Timeline of Key Contributions
| Date | Contributor | Milestone |
| 1956 | Sister Jean Ward | Observed that sunlight reduced jaundice in premature babies. |
| 1958 | Dr. Richard Cremer | Published the first evidence of artificial light’s efficacy in The Lancet. |
| 1968 | Dr. Jerold Lucey | Conducted the first major U.S. randomized trial, confirming safety/efficacy. |
| 1970s | Pediatric Community | Phototherapy becomes the standard of care, replacing exchange transfusions. |
| 1985 | Dr.

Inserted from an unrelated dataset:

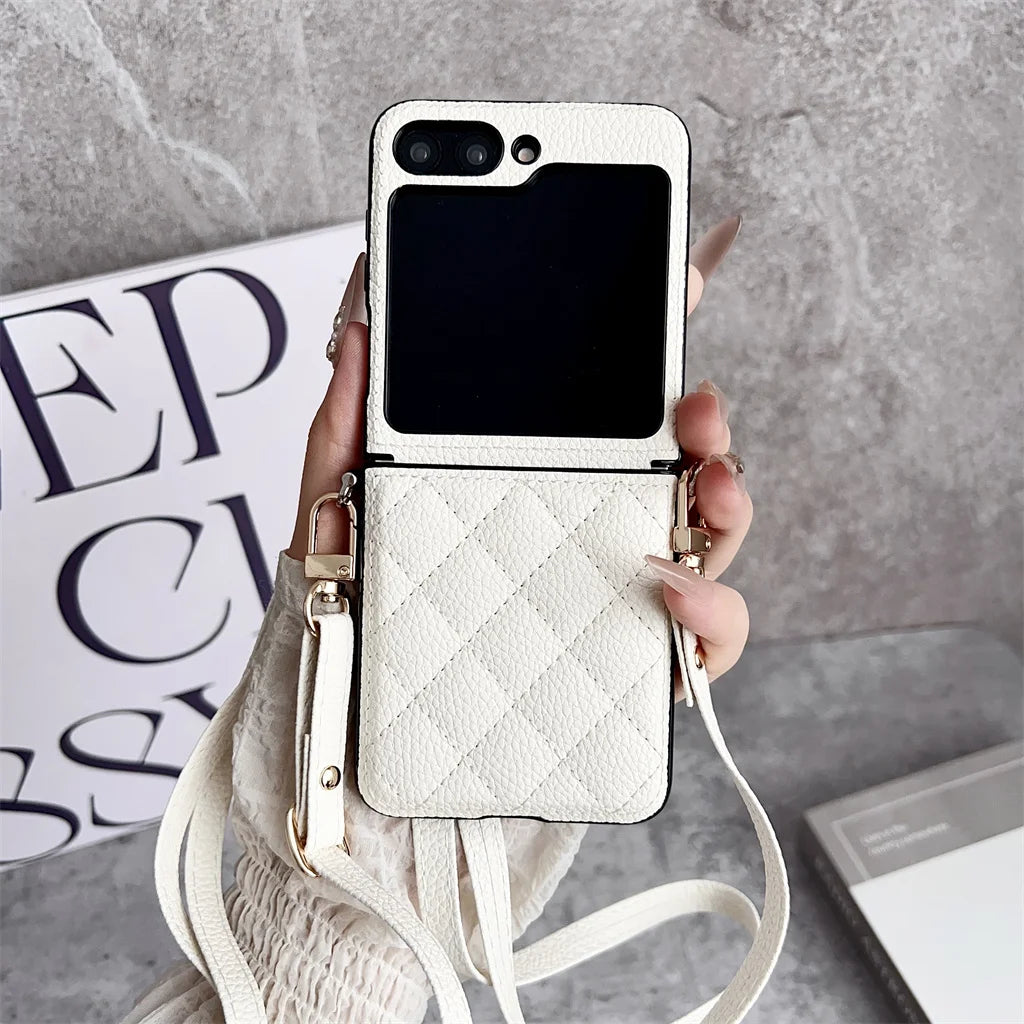 Luxury Crossbody Lanyard Rhombus Pattern PU Leather Phone Case For Samsung Galaxy Z Flip 8 7 FE 6 5 4 5G Hinge Protector Cover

Antony McDonagh | Identifies the primary chemical mechanism (photoisomerization) |
| 2004/22 | AAP Guidelines | American Academy of Pediatrics formalizes clinical thresholds for light therapy. |
Further reading on jaundice and kernicterus:
- Pioneers in the Scientific Study of Neonatal Jaundice and Kernicterus
by Thor Willy Ruud Hansen, MD, PhD, from Pediatrics 106(2):e15, August, 2000. - The Rhesus Factor and Disease Prevention, a Witness Seminar held at the Wellcome Institute for the History of Medicine, London, on 3 June 2003. Posted here by permission.

- Neonatal Jaundice, A Selected Retrospective, by Lawrence M. Gartner
[1] Cremer RJ, Perryman PW, Richards DH: “Influence of Light on the Hyperbilirubinemia of Infants,” The Lancet, 271 pp. 1094-1097, May 24, 1958.
[2] Luce J, Ferreiro M, Hewitt J: “Prevention of Hyperbilirubinemia of Prematurity by Phototherapy,” Pediatrics 41(6) pp. 1047-1054, June 1968.
[3] McDonagh AF, Lightner DA: “Like a Shrivelled Blood Orange — Bilirubin, Jaundice, and Phototherapy,” Pediatrics 75(3) pp. 443-455, March 1985.
[4] Kemper AR et al: Clinical Practice Guideline Revision: Management of Hyperbilirubinemia in the Newborn Infant 35 or More Weeks of Gestation. Pediatrics August 2022; 150 (3): e2022058859. 10.1542/peds.2022-058859
[5] Dunn PM: “Dr. Alfred Hart (1888-1954) of Toronto and Exsanguination Transfusion of the Newborn,” Archives of Disease in Childhood 1993; 69: 95-96.
[6] Dobbs RH, Cremer RJ: “Phototherapy,” Archives of Disease in Childhood, 50:833, 1975.